Where 252 taught students to build a circuit alone, 351 teaches them to build a system as a team. Raspberry Pi microprocessors, communication protocols (UART, SPI, I²C), sensor integration, motor control, Python-driven data acquisition, and professional documentation. Everything converges into a single working instrument that requires hardware, firmware, software, cultural research, and user-centered design to all work in concert.
How students experience PHYS 351 Every Monday, teams of three gather in Small 230 for hands-on build sessions. Each student rotates through roles — Circuit Architect, Firmware Lead, QA Specialist — so nobody hides behind a single skill. Weekly peer evaluations keep accountability high. By semester's end, each team has produced not just a working instrument, but a professional user's manual, a live demo, and a technical presentation.
Before the final project begins, students complete eight progressive labs — each building on the last — mastering the specific protocols, sensors, and actuators they will need. Every lab is hands-on, team-based, and documented through formal reports with circuit diagrams, error analysis, and conclusions.

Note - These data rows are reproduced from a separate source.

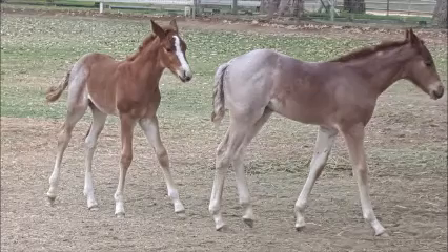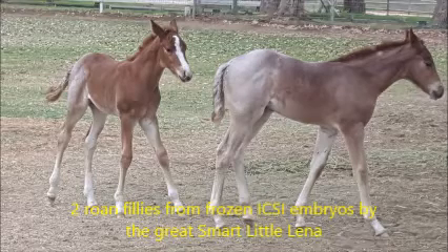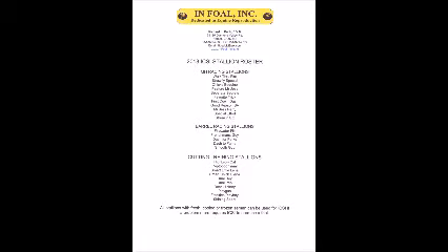These are matured oocytes ready to be injected once the cells have been stripped off of them. This is the injection pipette on the microscope, aspirating one sperm from a very small sample of semen, which is one of the miracles of ICSI. It allows us to inject hundreds of mares with a very small sample of a frozen straw of semen, therefore prolonging the genetics of valuable stallions when semen is very scarce.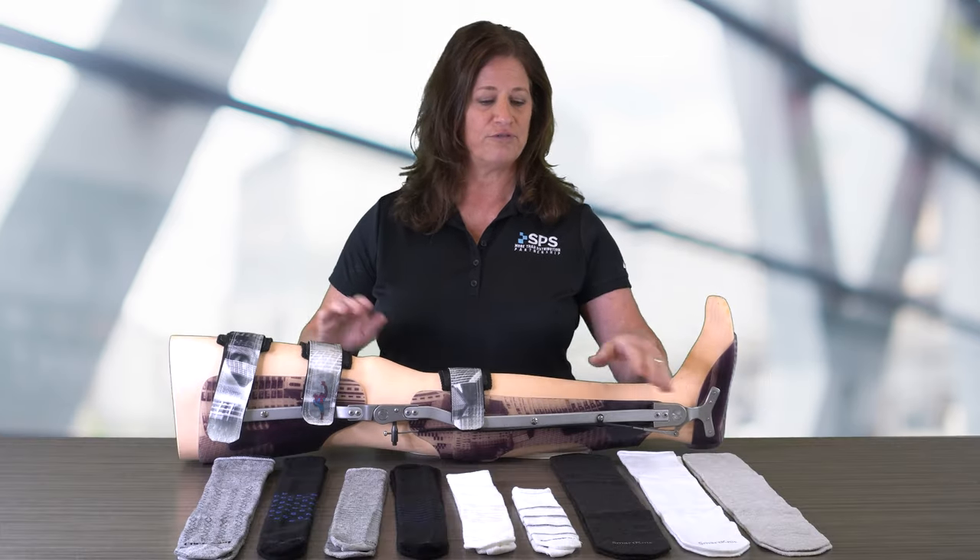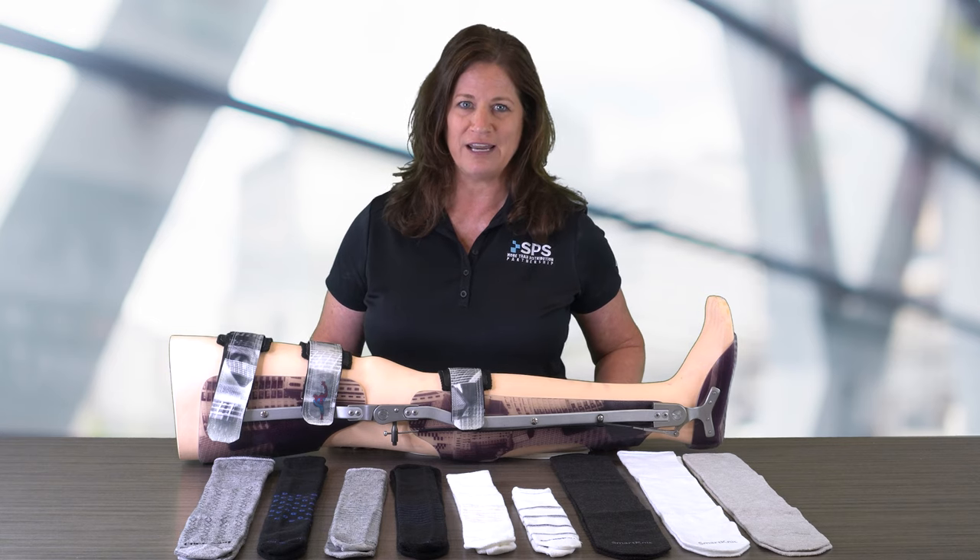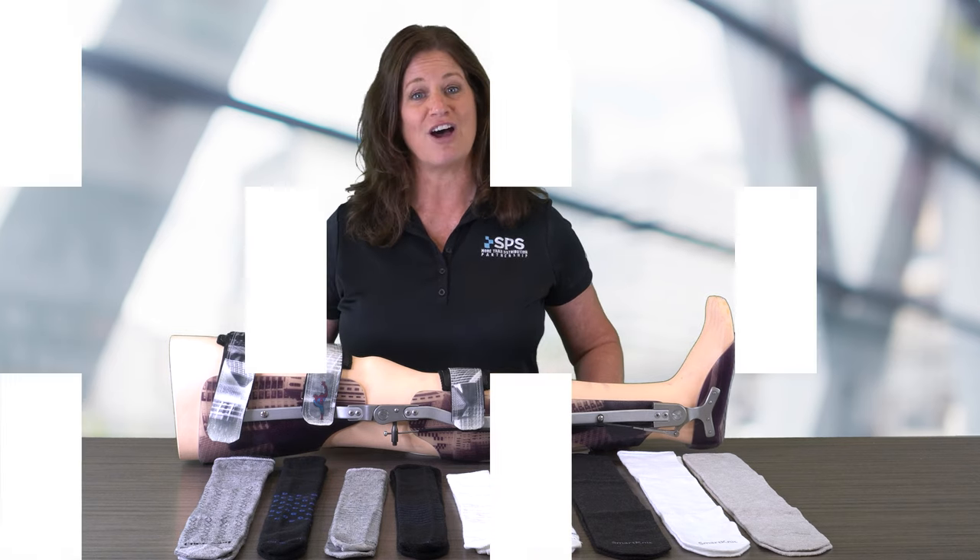Hi everyone. Are you looking for a clinical solution for odor, perspiration, and skin irritation for patients who require an AFO or a KFO? Look no further than the KnitRight SmartKnit and Coorspun socks.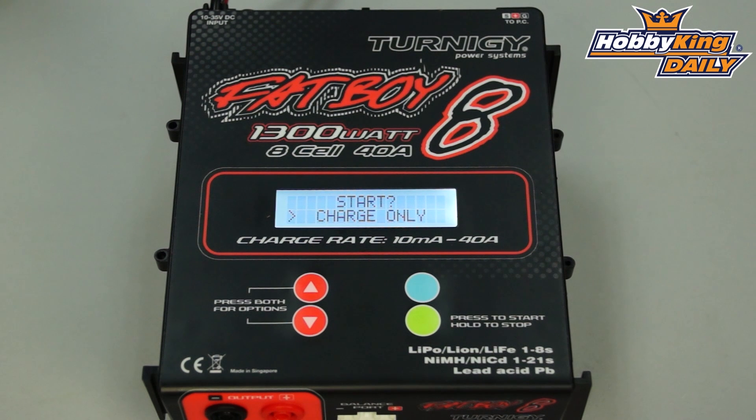For lithium batteries it will handle 1 to 8 cells. Nickel metal and nickel cadmium will handle 1 to 21 cells, and of course it does lead acid as well. It supports multiple lithium battery formulas — lithium polymer, lithium ion, lithium ferrite, and lithium manganese — making it a very multi-use charger that can handle just about any battery chemistry currently on the market.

Each fall, Dr. Yang designs a themed final project drawing from a different culture. She provides the concept, technical specifications, and philosophical framing. Teams of three spend three months designing, building, and documenting their own unique interpretation, bringing the theme to life in ways that are always different and always their own.
What turns here is not a plea; it is attention itself. Inspired by the Tibetan prayer wheel tradition, students built a secular, dual-rotor instrument that listens for a human cue — a spoken phrase, a clap cadence, a breath pattern — and transforms it into balanced, meditative motion. Features extracted from the input deterministically seed rotation direction, speed profiles, and mindfulness-aligned affirmations.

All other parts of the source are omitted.